Über

Über CHristian Gahl

Architekturphotographie transformiert räumlich und zeitlich gebundenes Wahrnehmen von Bauwerken in ein zweidimensionales, zeitunabhängiges Medium. Über das Architekturphoto werden Räume, Perspektiven, Materialien, Oberflächen, Lichtwirkungen und grundlegende Elemente des architektonischen Konzepts offengelegt. Im idealen Fall lässt ein Architekturphoto seinem Betrachter ein Bauwerk, einen architektonischen Raum klar und deutlich vorstellbar werden, obwohl er es selbst nicht aus eigener Anschauung kennt. Architekturphotographie kann damit eine direkte Beziehung zwischen dem realen Bau und dem abwesenden Betrachter herstellen. Sie gleicht hierin der Porträtphotographie, die hinter der reproduzierten Oberfläche eines Gesichtes den tieferen Charakter einer unbekannten Person hervorleuchten lässt.

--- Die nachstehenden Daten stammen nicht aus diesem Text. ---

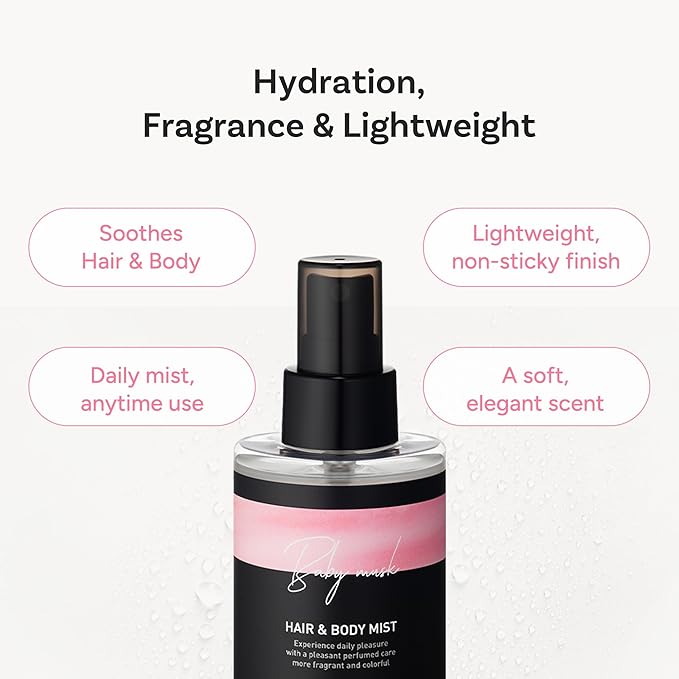 Korean Hair & Body Mist – Botanical Waters & 17 Amino Acids – Sulfate, Paraben & Silicone-Free – Baby Musk, 125ml / 4.22 fl oz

Christian Gahls Arbeiten erreichen genau dies und sogar noch mehr. Der Betrachter seiner Photographien erhält eine klare und plastische Vorstellung des für ihn abwesenden und oft weit entfernten Gebäudes. Auch seine Aufnahmen können die persönliche Begegnung, die eigene Erfahrung natürlich nicht vollkommen ersetzen, aber sie vermitteln doch auf eine sehr direkte und klare Weise den eigentlichen Charakter der abgebildeten Architektur. Er erreicht das durch den Einsatz minimaler Stilmittel. Es ist vor allem die wohl überlegte Reduktion des Unnötigen, die Präzision in der Wahl des Bildausschnitts und die erstaunliche Sicherheit, mit der er stets den richtigen Standort, das richtige Licht und die passenden Einstellungen wählt. Technische Brillanz, Perfektion in der Vorbereitung von Ort, Zeit und Licht sind dabei aber nur das grundlegende Handwerk, um jenes differenzierte innere Bild, das er selbst durch sein Erleben in und vor der Architektur gewinnt, in das Medium Photographie zu übersetzen. Er, der Photograph, ist es ja, der dem jeweiligen Gebäude als Person in der begrenzten Zeit der Aufnahme gegenübersteht, sich in ihm forschend nähert, es durchschreitet und dabei zu einer Entscheidung über die Wahl seiner Mittel kommen muss. Gahls Architekturphotographie ist damit das Resultat eines Dialoges, der sein individuelles Erleben, seine subjektive Sicht reflektiert und so auf ein objektives Niveau bringt, dass er von anderen Betrachtern im Ergebnis des Bildes nachvollzogen werden kann. Hierin steckt die besondere Kreativität: in dem Bewusstsein von den extrem komplexen räumlichen und funktionalen Ansprüchen und Funktionen der Architektur diese so klug auszuwählen und in ein Bild zu überführen, dass ihre wesentlichen Eigenschaften weiterhin ablesbar, erkennbar und beinahe fühlbar werden. Und obwohl seine Photos stets von der Abstraktion räumlicher Konzepte und Ideen bestimmt sind, bleibt das private Staunen des Photographen vor den architektonischen Meisterwerken in ihnen gleichwohl als eine leise, und doch unüberhörbare Hintergrundstimme erkennbar: Diese persönliche Begeisterung für die Architektur ist es, die die Photos von Christian Gahl besonders auszeichnet und ihnen, zusammen mit ihrer technischen Perfektion und stilistischen Klarheit, die Tiefe und Vielschichtigkeit eines künstlerischen Ansatzes verleiht.